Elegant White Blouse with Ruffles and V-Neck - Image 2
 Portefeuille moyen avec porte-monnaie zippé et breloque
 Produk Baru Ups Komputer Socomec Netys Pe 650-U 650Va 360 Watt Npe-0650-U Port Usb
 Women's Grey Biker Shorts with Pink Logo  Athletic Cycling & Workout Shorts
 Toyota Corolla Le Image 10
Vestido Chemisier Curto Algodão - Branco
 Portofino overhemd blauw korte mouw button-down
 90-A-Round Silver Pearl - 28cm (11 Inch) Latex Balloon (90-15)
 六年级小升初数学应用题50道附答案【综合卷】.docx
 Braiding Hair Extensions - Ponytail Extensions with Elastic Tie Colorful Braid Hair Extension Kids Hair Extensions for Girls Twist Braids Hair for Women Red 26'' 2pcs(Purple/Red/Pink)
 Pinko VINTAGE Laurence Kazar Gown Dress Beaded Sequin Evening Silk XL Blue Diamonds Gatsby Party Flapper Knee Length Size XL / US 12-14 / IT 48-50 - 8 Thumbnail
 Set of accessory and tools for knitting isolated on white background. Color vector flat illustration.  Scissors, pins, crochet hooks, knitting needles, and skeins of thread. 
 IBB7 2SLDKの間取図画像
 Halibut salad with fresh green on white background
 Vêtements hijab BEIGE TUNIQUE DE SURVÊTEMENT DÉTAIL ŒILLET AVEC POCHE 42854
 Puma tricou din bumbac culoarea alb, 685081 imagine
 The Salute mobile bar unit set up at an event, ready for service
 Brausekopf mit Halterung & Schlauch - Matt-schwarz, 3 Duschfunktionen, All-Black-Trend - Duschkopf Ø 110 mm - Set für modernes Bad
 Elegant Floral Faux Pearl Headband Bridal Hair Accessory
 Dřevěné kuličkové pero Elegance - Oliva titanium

- WHAT TO DO:
Write out exactly the lines between the start of the entries and the line containing "Produk Baru Ups", including that line and the first one.

- TASK ANSWER:
Elegant White Blouse with Ruffles and V-Neck - Image 2
 Portefeuille moyen avec porte-monnaie zippé et breloque
 Produk Baru Ups Komputer Socomec Netys Pe 650-U 650Va 360 Watt Npe-0650-U Port Usb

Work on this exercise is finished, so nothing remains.